Ein mongolisches Sprichwort besagt: „Ein Mann mag kein Herz haben, aber er hat bestimmt einen Magen“. Auch Jon Rubin ist der Meinung, dass ein gemeinsames Essen mehr Menschen zusammenbringt als eine politische Veranstaltung. Gemeinsam mit dem Künstler Dawn Weleski hatte der Kunstprofessor aus Pittsburgh vor einigen Jahren die Idee, ein Kunstprojekt http://conflictkitchen.org/ zu starten, um unter der Bevölkerung für eine differenziertere Auseinandersetzung mit der amerikanischen Außenpolitik und den damit verbundenen Konflikten zu sorgen.

Konflikte sind ein Grundmerkmal menschlichen Zusammenseins.
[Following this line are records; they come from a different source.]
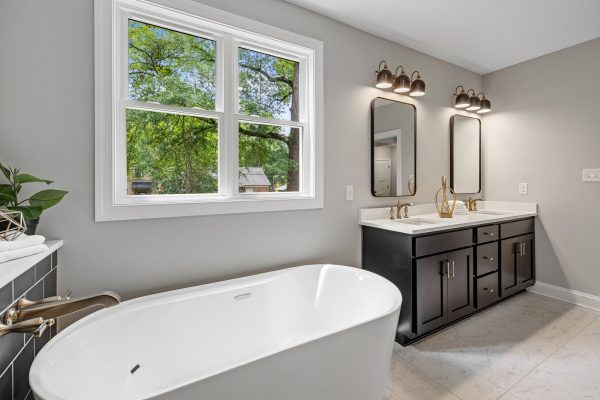 Freestanding tub in primary bathroom of remodeled home by Richmond Hill Design-Build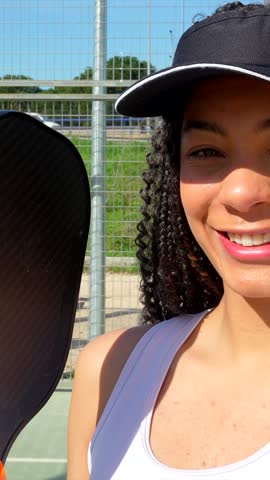 Beautiful mixed race woman with curly hair smiling and holding a paddle on a sunny pickleball court. The female athlete enjoys a summer day playing her favorite sport outdoors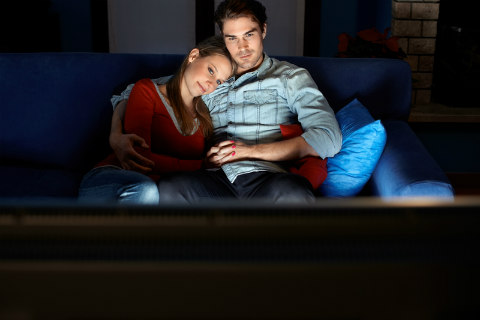 woman watching a movie with her ex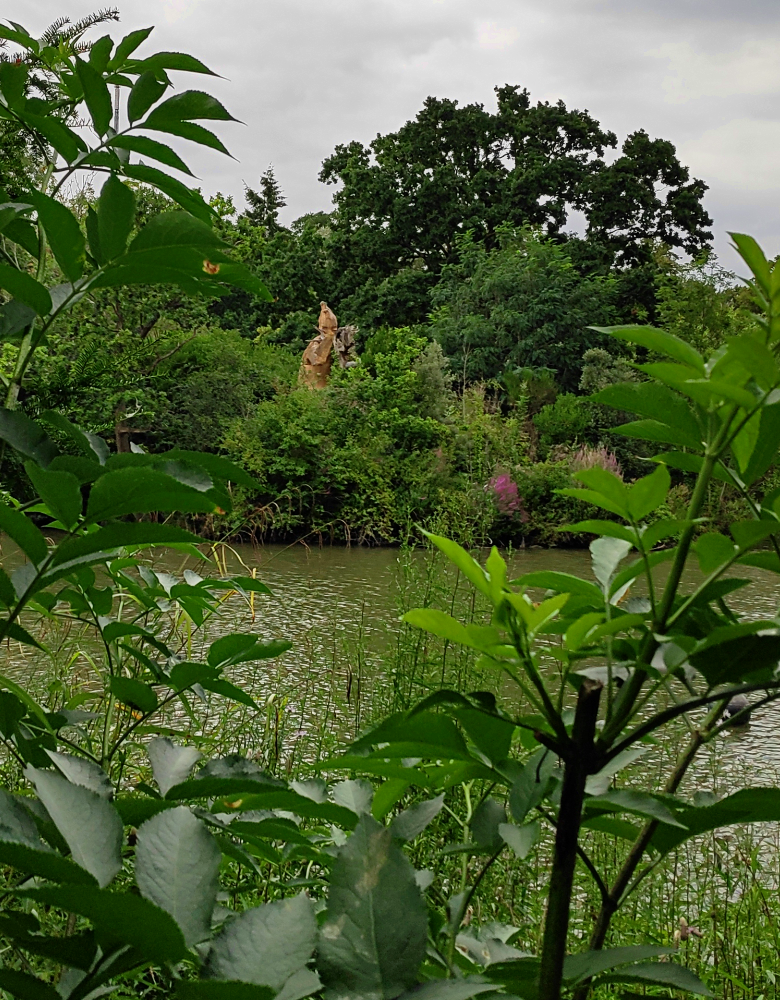 A photograph of the Crystal Palace Megatherium sculpture from the other side of the lake. Its head, upper body, and handless right arm can be distantly seen.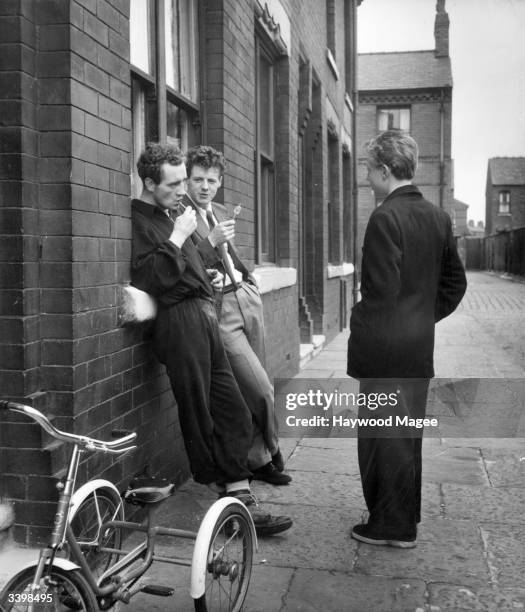 British boxer Frank Johnson sucking a lollipop with friends outside his house in Rusholme, Manchester, after his morning eight-mile run, during...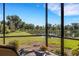 Secluded screened-in patio with a lovely pond view, offering relaxation and privacy with comfortable seating at 2104 Batello Dr, Venice, FL 34292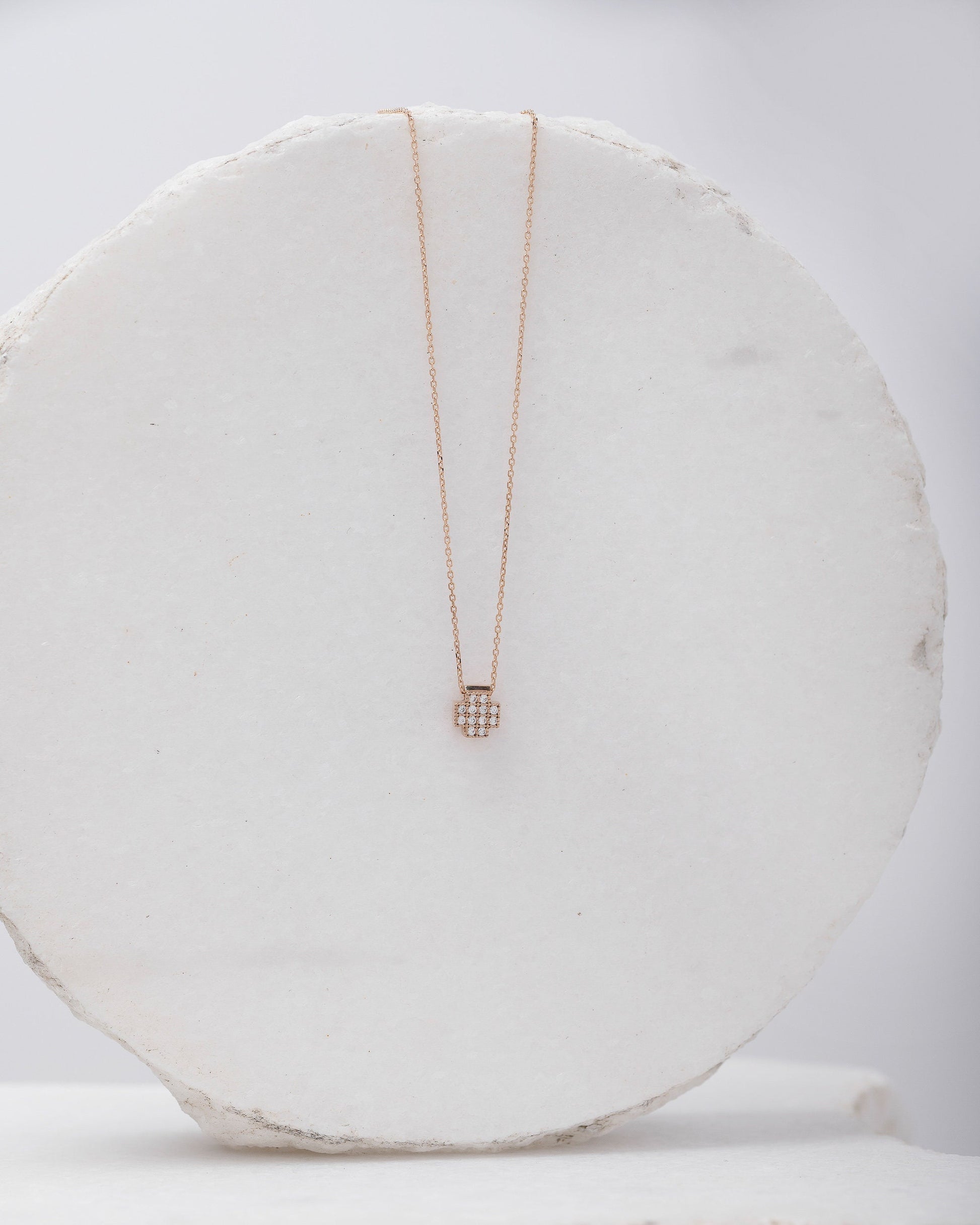 square cross necklace in 14k gold paved with white cubic zirconia stones for women 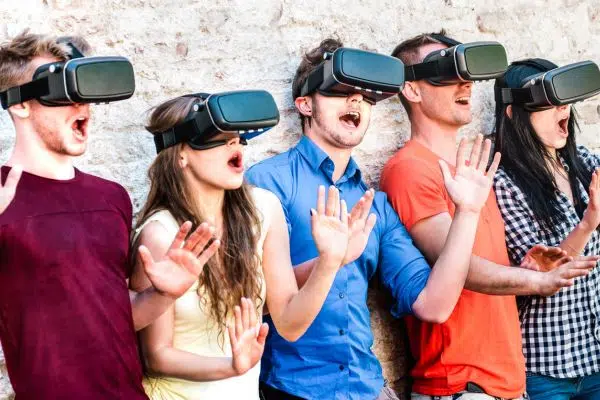 5 jovens boquiabertos e com os braços levantados em frente a uma parede usando óculos de realidade virtual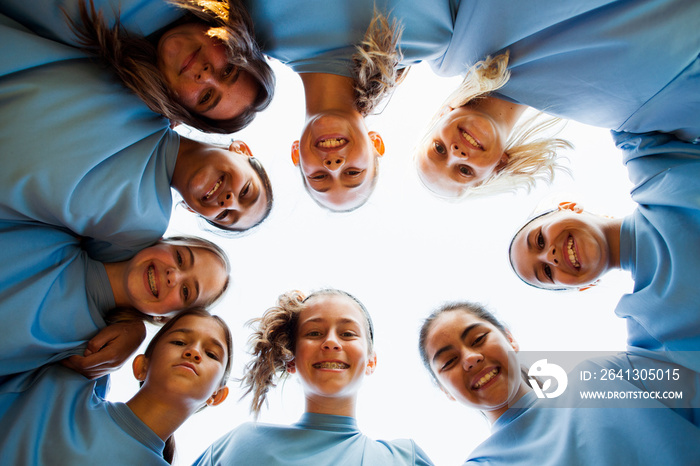 Low angle portrait of happy girls team huddling against clear sky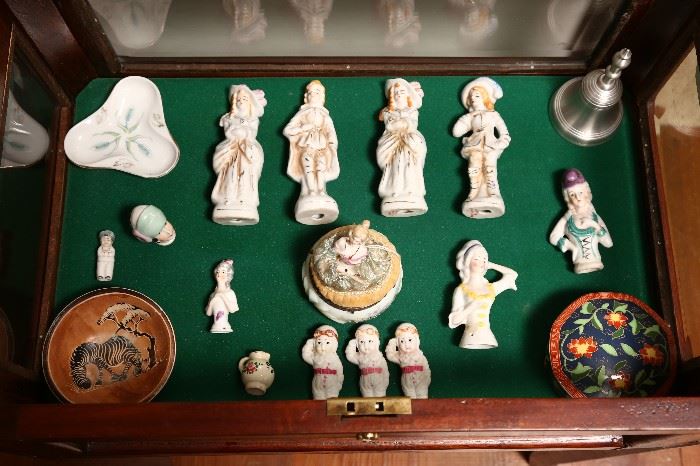 Collection of bisque figures and porcelain doll heads.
Wird mit Konflikten richtig umgegangen, können sie erheblich zu sozialem Wandel beitragen und große Lernprozesse hervorbringen. Viele Menschen in Amerika hinterfragen jedoch nicht gängige Narrative, und eine einseitige mediale Darstellung verstärkt vorhandene Klischees und lädt nicht zu einer gesamtgesellschaftlichen Auseinandersetzung ein. Daraus resultierende Vorurteile, die größtenteils auf einem Mangel an Wissen basieren, hindern durch selektive Wahrnehmung daran, neues Wissen aufzunehmen um differenzierter mit dem Konflikt umzugehen.

Kunst kann doch eh nichts bewirken, oder?

Kunst als Hilfe zur Konfliktlösung

Das Menü und damit das Land mit der konfliktbelasteten Beziehung wird nach ein paar Monaten gewechselt. Bisher standen Gerichte aus Afghanistan, Kuba, Nordkorea, Iran und Venezuela auf dem Speiseplan. Sogar der Imbiss wird dann in den landestypischen Farben gestrichen. Die Künstler reisen vorher in die jeweiligen Länder, um sich vor Ort mit den Menschen zu unterhalten und mit ihnen gemeinsam zu kochen, Rezepte zu sammeln und Interviews zu führen. Die Geschichten werden aufgeschrieben, gedruckt und als Einwickelpapier für das Essen an die Gäste ausgegeben. So können die Menschen beispielsweise die Geschichte eines Nordkoreaners erfahren, der nach China flüchtete und dessen Mutter dem Regime die abenteuerlichsten Geschichten erzählte. Sie errichtete sogar ein falsches Grab, um vorzutäuschen er sei bei einem Unfall ums Leben gekommen. Umrahmt werden die thematischen Monate mit Diskussionsrunden und Veranstaltungen, bei denen Menschen aus den Konfliktländern, die in Amerika leben, zu Wort kommen.

Begeisterte Besucher und Morddrohungen

Die Resonanz ist positiv, pro Tag kommen bis zu 300 Gäste. Kürzlich musste das Restaurant jedoch aufgrund einer Todesdrohung vorübergehend schließen. Derzeit stehen Speisen und Getränke aus Palästina auf dem Menü. An der Darstellung der politischen, wirtschaftlichen und sozialen Situation Palästinas hatte sich viel Kritik entzündet, unter anderem wurde ihnen eine einseitige und anti-israelische Interpretation des Konflikts vorgeworfen. Die Betreiber der Konfliktküche erklärten daraufhin auf ihrer Homepage, es handle sich bei den Zitaten auf den Verpackungen um Stimmen der Menschen aus Palästina, und nicht um die Meinung der Künstler. Es gehe ihnen darum, viele verschiedene Stimmen hörbar zu machen.

Was tun, wenn der Konfliktküche eines Tages die Länder ausgehen, mit denen die USA im Clinch liegt? Professor Rubin ist zuversichtlich. Die Konfliktküche definiert einen Konflikt weitaus großzügiger, ein bewaffneter Konflikt müsse nicht vorliegen. Syrien könnte eventuell als Nächstes auf dem Speiseplan stehen, oder der Südsudan. Auch Russland sei möglich. „Ich fürchte“, so Rubin „so schnell werden uns die Möglichkeiten wohl nicht ausgehen“.